Data Management Flashcards

Question 1

Q

Respondents’ Unique IDs can potentially be used to:

Answer

A

Link respondents’ personally identifiable information to their responses

Link different tables with a different structure in a relational database.

Link raw data to analysis code and to analysis output

Question 2

Q

The metadata we track for the data collection process includes

Answer

A

Surveyor assignments
Completion rate
Surveyor attrition

Question 3

Q

Master code files are meant specifically to:

Answer

A

Run (call) all other coding files in the project

Question 4

Q

We use relative references in our code so that

Answer

A

We do not need to repeat the full file path of the working directory for each file used or created

Different analysts who have different locations for their project folder do not need to change the file path for each file

Question 5

Q

When publishing data, the code book should be created when?

Answer

A

After the dataset is final, before data publication

The codebook describes the data such as variable names, labels, question text, and summary statistics such as the mean, minimum and maximum values, etc.

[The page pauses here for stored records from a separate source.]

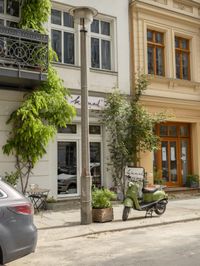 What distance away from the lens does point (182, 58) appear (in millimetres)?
18125

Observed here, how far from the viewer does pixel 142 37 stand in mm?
16469

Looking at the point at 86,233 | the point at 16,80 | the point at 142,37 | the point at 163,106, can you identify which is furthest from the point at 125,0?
the point at 86,233

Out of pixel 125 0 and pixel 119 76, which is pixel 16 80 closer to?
pixel 119 76

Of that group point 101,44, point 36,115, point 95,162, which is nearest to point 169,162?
point 95,162

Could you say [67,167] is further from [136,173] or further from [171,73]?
[171,73]

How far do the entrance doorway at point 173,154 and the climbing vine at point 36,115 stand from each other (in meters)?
5.23

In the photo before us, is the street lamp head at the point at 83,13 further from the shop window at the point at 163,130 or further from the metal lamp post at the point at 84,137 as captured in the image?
the shop window at the point at 163,130

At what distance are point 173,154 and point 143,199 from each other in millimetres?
6375

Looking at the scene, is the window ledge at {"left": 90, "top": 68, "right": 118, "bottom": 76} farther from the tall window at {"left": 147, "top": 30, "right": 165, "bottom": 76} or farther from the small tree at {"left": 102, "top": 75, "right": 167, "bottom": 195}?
the tall window at {"left": 147, "top": 30, "right": 165, "bottom": 76}

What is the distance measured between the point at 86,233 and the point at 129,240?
3.84 feet

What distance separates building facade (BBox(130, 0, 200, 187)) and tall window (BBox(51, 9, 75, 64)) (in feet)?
8.86

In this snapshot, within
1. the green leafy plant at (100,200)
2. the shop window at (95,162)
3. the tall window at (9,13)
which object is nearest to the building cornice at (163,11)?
the tall window at (9,13)

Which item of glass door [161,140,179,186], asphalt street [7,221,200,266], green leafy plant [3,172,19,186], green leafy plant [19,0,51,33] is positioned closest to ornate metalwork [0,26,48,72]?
green leafy plant [19,0,51,33]

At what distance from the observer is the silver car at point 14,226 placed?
17.3 ft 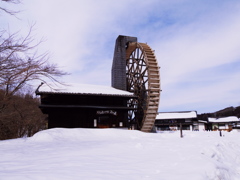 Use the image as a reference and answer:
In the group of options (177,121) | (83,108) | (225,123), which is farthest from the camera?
(225,123)

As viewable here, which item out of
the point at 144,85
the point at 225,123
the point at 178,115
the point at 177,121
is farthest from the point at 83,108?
the point at 225,123

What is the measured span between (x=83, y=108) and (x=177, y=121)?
112 feet

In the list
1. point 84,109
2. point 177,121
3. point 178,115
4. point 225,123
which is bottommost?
point 225,123

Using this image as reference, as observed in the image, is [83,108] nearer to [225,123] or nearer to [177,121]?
[177,121]

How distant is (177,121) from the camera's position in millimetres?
47062

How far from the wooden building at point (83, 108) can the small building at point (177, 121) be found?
29.7m

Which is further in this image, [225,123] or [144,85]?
[225,123]

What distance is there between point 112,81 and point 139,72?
11.3ft

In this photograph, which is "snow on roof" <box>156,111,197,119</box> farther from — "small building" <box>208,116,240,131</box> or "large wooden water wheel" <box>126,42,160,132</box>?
"large wooden water wheel" <box>126,42,160,132</box>

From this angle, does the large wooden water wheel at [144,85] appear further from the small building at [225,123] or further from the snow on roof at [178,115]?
the small building at [225,123]

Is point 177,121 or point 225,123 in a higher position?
point 177,121

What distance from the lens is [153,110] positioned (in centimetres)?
2083

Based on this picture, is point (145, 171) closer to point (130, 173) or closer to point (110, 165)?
point (130, 173)

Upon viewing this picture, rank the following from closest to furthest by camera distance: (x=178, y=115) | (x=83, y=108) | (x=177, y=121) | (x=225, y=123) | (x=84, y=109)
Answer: (x=83, y=108), (x=84, y=109), (x=177, y=121), (x=178, y=115), (x=225, y=123) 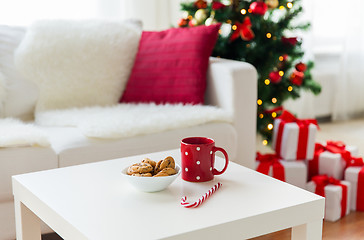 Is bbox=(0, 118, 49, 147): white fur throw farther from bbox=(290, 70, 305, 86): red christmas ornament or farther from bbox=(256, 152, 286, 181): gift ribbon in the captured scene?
bbox=(290, 70, 305, 86): red christmas ornament

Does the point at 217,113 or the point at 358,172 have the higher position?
the point at 217,113

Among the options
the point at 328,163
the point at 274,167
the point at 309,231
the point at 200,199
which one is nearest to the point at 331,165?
the point at 328,163

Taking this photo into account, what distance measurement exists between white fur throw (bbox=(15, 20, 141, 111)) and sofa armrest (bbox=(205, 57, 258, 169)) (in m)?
0.42

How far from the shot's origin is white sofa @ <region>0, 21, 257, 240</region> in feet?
6.00

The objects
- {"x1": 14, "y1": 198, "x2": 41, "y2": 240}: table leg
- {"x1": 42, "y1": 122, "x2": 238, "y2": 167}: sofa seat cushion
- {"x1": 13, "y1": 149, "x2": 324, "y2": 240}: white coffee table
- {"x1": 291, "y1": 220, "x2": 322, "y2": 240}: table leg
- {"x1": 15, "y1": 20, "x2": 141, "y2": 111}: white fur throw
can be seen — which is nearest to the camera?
{"x1": 13, "y1": 149, "x2": 324, "y2": 240}: white coffee table

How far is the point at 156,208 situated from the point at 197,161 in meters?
0.21

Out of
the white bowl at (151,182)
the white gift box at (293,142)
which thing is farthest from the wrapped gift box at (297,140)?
the white bowl at (151,182)

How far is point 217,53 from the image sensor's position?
2709 mm

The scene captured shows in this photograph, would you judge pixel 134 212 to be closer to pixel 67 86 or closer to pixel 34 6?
pixel 67 86

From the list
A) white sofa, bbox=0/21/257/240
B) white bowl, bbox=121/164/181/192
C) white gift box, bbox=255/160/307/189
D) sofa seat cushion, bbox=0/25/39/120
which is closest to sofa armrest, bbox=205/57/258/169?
white sofa, bbox=0/21/257/240

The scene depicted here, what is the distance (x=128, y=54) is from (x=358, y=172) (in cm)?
112

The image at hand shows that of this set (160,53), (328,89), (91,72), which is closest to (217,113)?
(160,53)

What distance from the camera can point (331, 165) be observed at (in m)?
2.41

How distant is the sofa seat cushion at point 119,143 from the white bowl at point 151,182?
613 millimetres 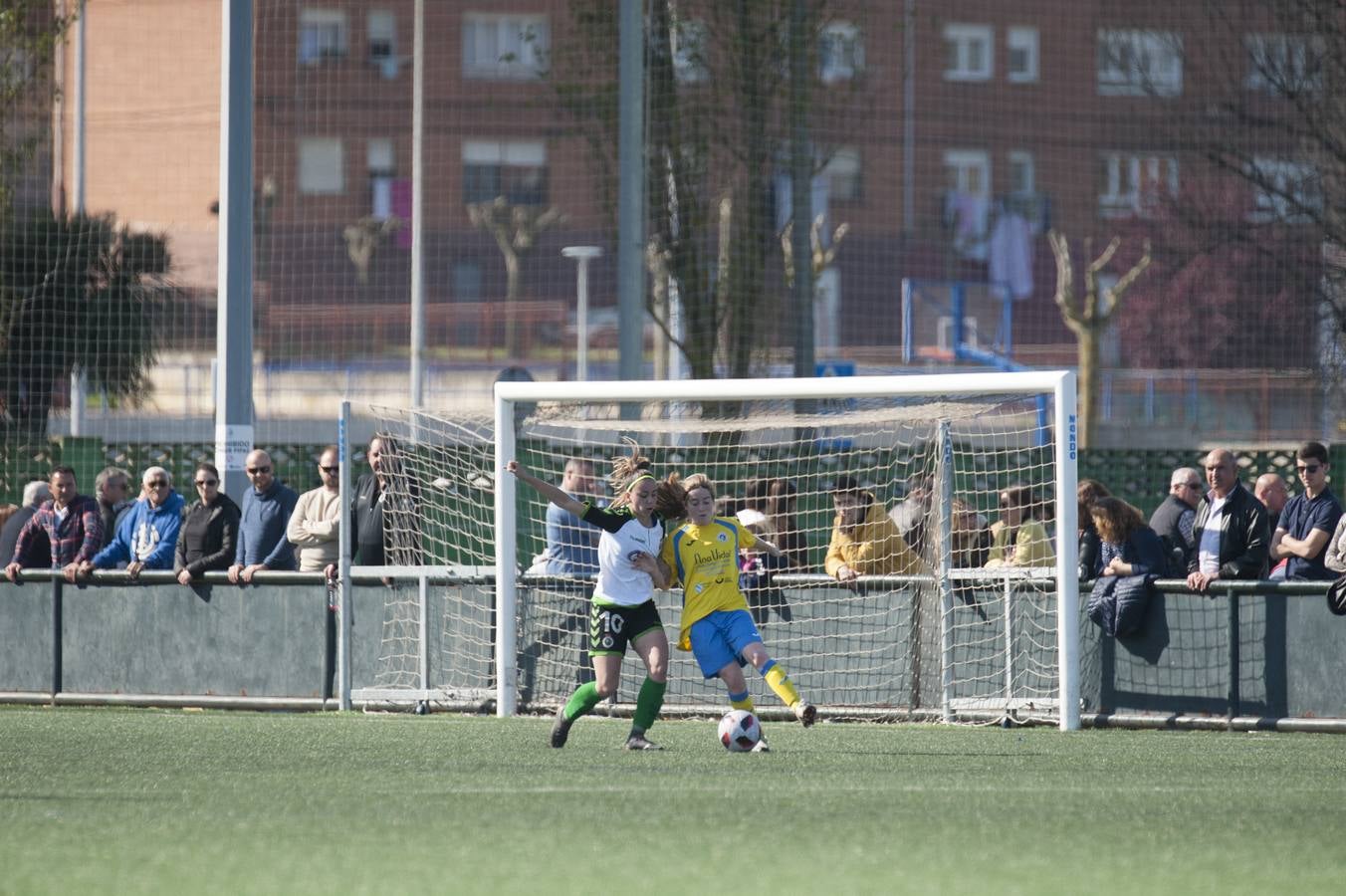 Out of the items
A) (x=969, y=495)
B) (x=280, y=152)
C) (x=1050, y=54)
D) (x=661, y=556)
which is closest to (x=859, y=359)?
(x=1050, y=54)

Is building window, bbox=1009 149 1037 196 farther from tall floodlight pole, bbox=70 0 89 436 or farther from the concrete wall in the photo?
the concrete wall

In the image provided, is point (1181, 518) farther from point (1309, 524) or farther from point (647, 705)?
point (647, 705)

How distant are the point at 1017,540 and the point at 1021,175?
35025 mm

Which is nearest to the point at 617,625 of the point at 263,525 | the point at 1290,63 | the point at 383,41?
the point at 263,525

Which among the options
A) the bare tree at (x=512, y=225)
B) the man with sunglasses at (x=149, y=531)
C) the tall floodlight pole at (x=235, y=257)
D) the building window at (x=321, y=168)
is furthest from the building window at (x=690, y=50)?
the building window at (x=321, y=168)

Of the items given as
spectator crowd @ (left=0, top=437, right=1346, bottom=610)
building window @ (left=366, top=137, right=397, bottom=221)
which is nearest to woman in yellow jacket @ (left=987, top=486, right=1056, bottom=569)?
spectator crowd @ (left=0, top=437, right=1346, bottom=610)

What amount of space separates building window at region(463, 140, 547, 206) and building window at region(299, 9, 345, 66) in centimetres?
490

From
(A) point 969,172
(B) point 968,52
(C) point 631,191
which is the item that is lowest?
(C) point 631,191

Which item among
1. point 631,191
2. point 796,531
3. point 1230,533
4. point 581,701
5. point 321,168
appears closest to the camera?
point 581,701

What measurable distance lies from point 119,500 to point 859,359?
87.2ft

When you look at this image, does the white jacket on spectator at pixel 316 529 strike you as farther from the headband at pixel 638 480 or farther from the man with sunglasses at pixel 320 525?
the headband at pixel 638 480

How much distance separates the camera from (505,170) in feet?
141

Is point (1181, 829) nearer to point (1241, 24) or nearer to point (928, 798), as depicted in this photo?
point (928, 798)

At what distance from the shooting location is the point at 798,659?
44.5 ft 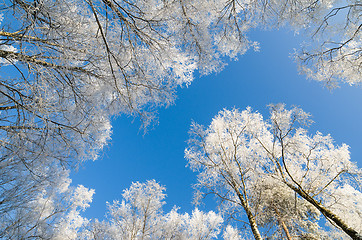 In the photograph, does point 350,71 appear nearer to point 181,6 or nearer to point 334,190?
point 181,6

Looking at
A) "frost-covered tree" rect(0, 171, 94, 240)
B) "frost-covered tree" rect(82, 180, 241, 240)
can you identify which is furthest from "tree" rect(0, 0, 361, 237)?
"frost-covered tree" rect(82, 180, 241, 240)

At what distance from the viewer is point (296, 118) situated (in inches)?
220

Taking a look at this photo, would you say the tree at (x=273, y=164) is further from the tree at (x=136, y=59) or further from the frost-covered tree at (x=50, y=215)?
the frost-covered tree at (x=50, y=215)

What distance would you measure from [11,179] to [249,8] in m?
7.32

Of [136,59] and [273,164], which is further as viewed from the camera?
[273,164]

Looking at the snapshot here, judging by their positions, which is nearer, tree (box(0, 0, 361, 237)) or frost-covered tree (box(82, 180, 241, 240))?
tree (box(0, 0, 361, 237))

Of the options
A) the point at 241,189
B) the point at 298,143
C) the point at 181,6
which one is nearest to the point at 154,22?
the point at 181,6

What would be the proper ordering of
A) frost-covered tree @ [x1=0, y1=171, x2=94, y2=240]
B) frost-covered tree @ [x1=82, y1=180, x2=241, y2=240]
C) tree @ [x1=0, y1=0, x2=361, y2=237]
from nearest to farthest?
tree @ [x1=0, y1=0, x2=361, y2=237] < frost-covered tree @ [x1=0, y1=171, x2=94, y2=240] < frost-covered tree @ [x1=82, y1=180, x2=241, y2=240]

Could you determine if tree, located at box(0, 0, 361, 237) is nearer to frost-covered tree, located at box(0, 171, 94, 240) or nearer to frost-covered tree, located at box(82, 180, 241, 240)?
frost-covered tree, located at box(0, 171, 94, 240)

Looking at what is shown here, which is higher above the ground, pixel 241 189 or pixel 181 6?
pixel 181 6

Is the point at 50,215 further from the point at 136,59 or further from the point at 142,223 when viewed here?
the point at 136,59

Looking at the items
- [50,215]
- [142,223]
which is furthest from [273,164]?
[50,215]

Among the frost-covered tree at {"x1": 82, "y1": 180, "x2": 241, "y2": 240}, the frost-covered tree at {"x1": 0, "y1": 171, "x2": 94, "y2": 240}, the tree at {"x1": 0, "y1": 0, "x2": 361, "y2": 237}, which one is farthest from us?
the frost-covered tree at {"x1": 82, "y1": 180, "x2": 241, "y2": 240}

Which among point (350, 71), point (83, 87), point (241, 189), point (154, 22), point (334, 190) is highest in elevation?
point (83, 87) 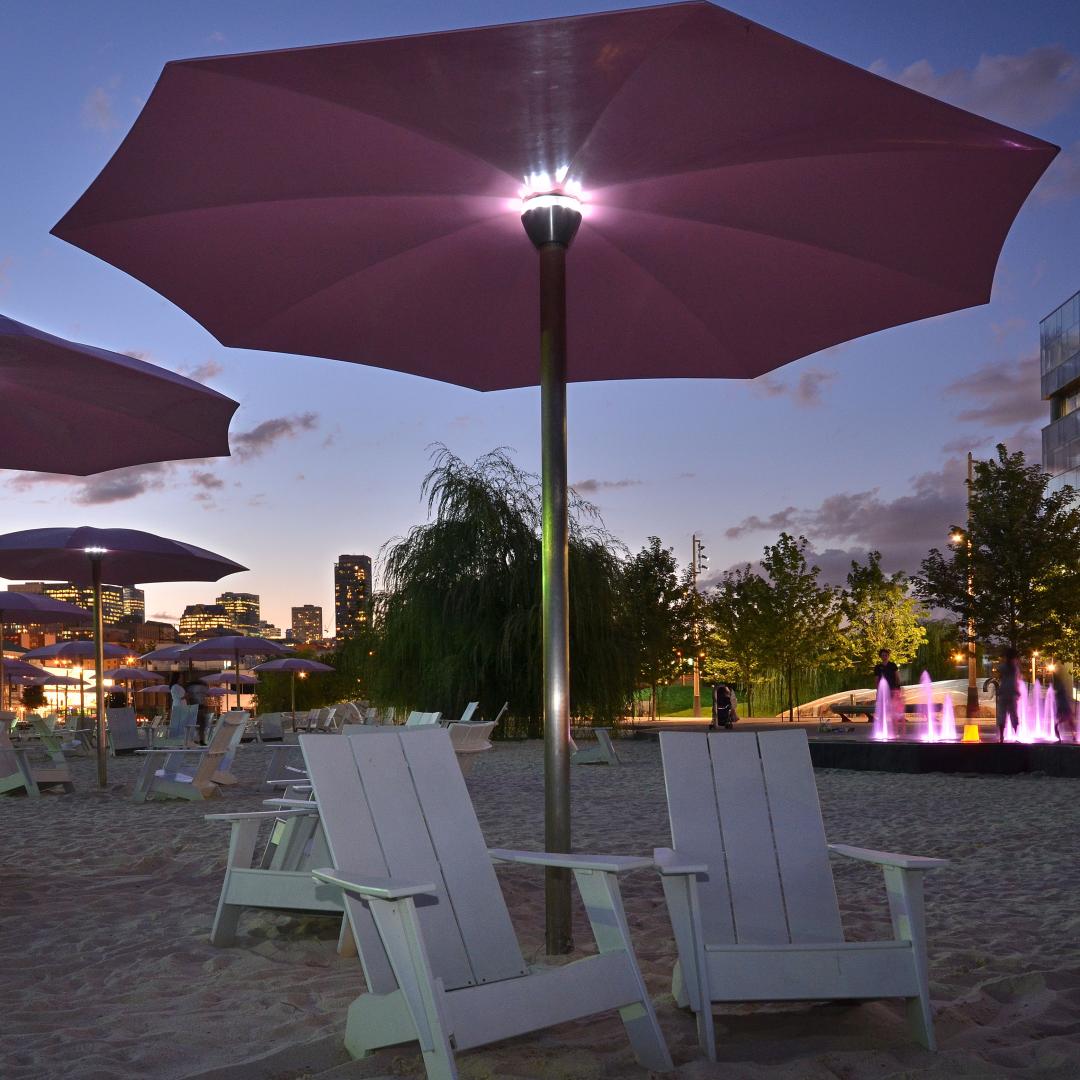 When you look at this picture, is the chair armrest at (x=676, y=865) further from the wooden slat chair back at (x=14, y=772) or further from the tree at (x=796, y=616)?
the tree at (x=796, y=616)

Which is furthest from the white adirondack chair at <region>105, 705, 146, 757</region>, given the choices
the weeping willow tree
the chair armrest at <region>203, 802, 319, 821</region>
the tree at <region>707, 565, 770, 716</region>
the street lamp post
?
the tree at <region>707, 565, 770, 716</region>

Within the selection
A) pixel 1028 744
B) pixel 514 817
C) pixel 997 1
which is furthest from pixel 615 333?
pixel 1028 744

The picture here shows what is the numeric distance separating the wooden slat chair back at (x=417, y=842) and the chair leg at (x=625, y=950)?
325mm

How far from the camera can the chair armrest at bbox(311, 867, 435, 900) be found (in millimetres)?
2609

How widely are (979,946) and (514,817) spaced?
509 centimetres

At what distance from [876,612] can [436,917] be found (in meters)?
36.9

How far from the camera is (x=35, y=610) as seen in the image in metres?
16.6

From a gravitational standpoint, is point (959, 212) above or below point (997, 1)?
below

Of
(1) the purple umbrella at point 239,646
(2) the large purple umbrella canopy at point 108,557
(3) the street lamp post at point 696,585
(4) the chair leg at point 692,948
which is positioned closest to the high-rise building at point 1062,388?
(3) the street lamp post at point 696,585

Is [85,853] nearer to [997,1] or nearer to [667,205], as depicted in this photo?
[667,205]

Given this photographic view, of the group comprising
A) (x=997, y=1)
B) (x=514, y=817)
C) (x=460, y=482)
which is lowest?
(x=514, y=817)

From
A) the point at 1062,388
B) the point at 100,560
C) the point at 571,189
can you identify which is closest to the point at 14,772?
the point at 100,560

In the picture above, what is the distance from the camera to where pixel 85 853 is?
7340 mm

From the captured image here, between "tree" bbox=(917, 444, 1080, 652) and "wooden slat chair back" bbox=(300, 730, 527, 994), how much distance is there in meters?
23.3
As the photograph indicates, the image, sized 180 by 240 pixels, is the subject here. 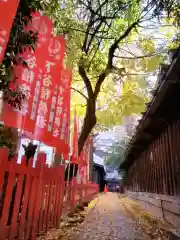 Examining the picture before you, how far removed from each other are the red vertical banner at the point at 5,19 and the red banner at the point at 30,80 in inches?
58.3

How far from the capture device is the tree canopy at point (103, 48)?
482cm

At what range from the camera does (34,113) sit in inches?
256

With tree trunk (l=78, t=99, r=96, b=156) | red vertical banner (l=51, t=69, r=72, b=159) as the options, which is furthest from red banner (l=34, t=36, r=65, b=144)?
tree trunk (l=78, t=99, r=96, b=156)

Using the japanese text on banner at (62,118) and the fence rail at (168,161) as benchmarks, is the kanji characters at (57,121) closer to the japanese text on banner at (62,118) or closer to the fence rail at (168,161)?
the japanese text on banner at (62,118)

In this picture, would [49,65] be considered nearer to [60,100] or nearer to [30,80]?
[30,80]

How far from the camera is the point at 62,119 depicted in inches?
330

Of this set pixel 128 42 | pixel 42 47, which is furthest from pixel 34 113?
A: pixel 128 42

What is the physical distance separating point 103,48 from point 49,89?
6346 mm

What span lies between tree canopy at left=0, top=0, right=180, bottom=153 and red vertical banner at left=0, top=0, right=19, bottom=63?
1.84 feet

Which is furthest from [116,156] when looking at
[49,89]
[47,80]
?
[47,80]

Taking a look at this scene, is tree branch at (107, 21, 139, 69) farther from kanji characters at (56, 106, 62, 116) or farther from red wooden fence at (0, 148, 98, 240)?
red wooden fence at (0, 148, 98, 240)

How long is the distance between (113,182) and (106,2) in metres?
63.1

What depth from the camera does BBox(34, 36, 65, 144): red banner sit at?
22.6 feet

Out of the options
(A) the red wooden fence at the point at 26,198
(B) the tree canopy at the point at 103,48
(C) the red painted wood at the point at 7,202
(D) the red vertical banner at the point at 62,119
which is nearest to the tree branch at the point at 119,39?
(B) the tree canopy at the point at 103,48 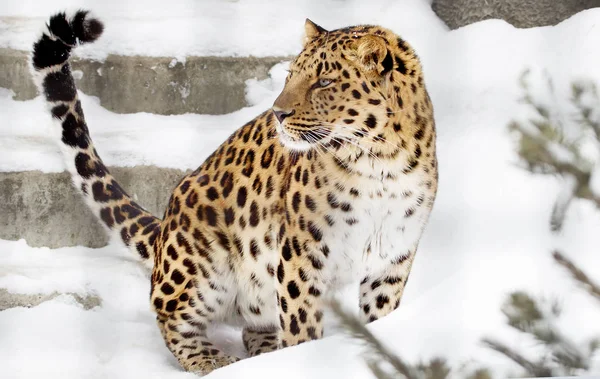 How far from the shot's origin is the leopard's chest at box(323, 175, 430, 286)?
2982 millimetres

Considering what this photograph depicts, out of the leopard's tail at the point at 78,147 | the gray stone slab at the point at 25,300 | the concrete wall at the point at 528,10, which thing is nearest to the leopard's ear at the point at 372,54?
the leopard's tail at the point at 78,147

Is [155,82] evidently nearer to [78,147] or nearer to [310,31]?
[78,147]

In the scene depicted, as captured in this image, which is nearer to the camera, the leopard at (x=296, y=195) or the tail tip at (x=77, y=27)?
the leopard at (x=296, y=195)

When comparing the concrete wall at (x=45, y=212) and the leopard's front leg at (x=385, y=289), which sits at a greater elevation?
the leopard's front leg at (x=385, y=289)

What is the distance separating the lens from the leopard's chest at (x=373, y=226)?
2982 millimetres

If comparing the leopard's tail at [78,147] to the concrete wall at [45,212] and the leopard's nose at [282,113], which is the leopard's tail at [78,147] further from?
the leopard's nose at [282,113]

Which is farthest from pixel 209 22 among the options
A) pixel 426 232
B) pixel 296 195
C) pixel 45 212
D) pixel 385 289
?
pixel 385 289

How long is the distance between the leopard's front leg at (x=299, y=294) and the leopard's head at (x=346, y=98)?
37cm

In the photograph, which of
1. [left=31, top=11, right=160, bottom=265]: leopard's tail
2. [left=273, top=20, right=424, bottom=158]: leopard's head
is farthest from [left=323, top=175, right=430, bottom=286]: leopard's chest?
[left=31, top=11, right=160, bottom=265]: leopard's tail

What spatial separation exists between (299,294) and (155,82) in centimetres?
199

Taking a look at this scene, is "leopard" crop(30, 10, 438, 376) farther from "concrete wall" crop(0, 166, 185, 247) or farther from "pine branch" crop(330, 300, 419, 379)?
"pine branch" crop(330, 300, 419, 379)

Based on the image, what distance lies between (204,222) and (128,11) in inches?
80.5

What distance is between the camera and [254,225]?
3.30 meters

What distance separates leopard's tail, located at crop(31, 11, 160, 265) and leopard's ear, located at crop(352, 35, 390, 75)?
1.12m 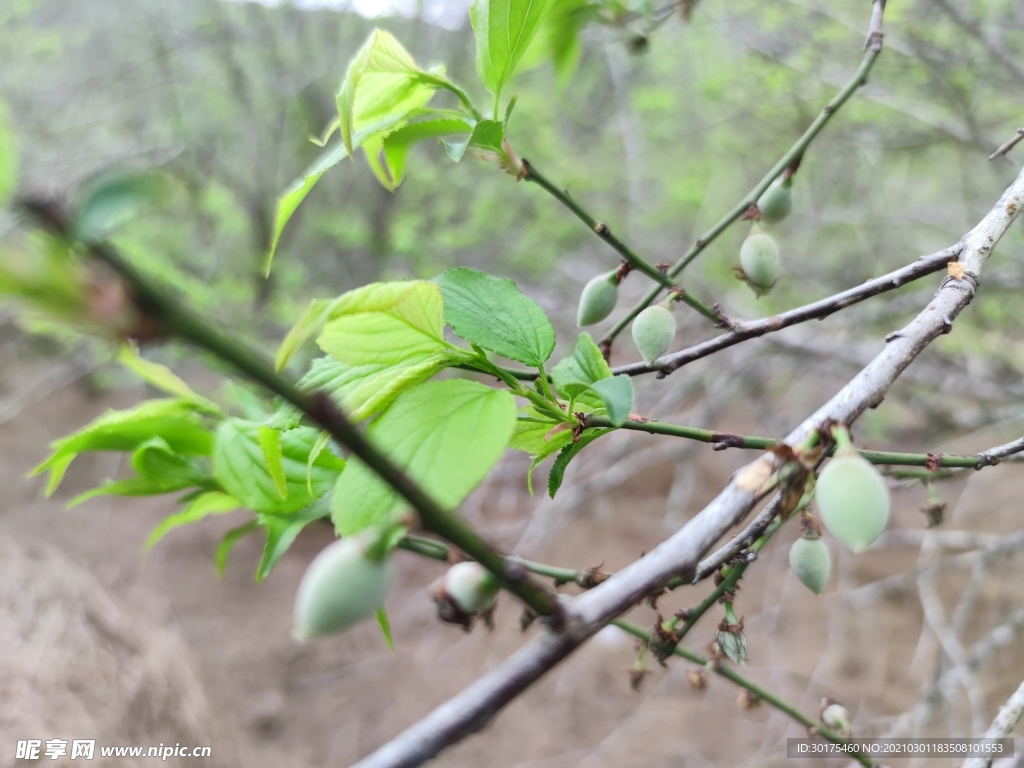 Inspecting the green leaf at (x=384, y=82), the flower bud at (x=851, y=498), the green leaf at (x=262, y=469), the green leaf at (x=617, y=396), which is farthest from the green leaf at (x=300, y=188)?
the flower bud at (x=851, y=498)

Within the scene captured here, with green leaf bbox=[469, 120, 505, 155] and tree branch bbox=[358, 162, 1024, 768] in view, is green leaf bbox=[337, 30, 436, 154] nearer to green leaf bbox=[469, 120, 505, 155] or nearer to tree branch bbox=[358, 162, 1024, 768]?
green leaf bbox=[469, 120, 505, 155]

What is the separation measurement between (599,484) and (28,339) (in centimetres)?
396

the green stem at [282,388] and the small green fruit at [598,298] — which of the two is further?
the small green fruit at [598,298]

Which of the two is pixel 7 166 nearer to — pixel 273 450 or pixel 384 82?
pixel 273 450

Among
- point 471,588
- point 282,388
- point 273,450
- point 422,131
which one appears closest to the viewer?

Because variables may be generated during analysis, and summary statistics may change after certain cleaning decisions, it is best to produce the code book at the very end, when the datasets are final.

Question 6

Q

Which documents are included in the “manual” for the published data?

Answer

A

ReadMe file

Code book

Question 7

Q

According to Gentzkow and Shapiro, rather than naming the latest version of a file: regressions_022713_mg.do, one should instead:

Answer

A

Use version control software, and not use dates

Question 8

Q

What is required to merge two datasets?

Answer

A

There needs to be a relational parameter or “foreign key” (i.e. variable on which to merge the two datasets)

Question 9

Q

Merge

Answer

A

A horizontal combination of datasets by a unique ID

Question 10

Q

Append

Answer

A

A vertical combination of data sets that possess variables in common (at least a subset); same variable names and datatypes

Adds observations to the existing variables

Question 11

Q

Master file

Answer

A

a file that runs ALL code in your project

Useful for:
– Setting any globals that might be used across do-files
– Installing user-written commands

Question 12

Q

Codebook

Answer

A

• Contains information about the data: variable name,
labels, question text, min/max values, etc.
• Critical for easy interpretation of the data and in
furthering analysis
• Have do-file that creates codebook from raw data
• When: Created once the data set is final

Question 13

Q

ReadMe Files

Answer

A

• Outlines key information about all published files: data
and analysis files, questionnaires, codebooks
– E.g. format of the data (such as # of observations per
student, # of variables)
• Describes how data/analysis files interact with one
another – e.g. which came first, is one a subset of another?
• When: Immediately after each round of data collection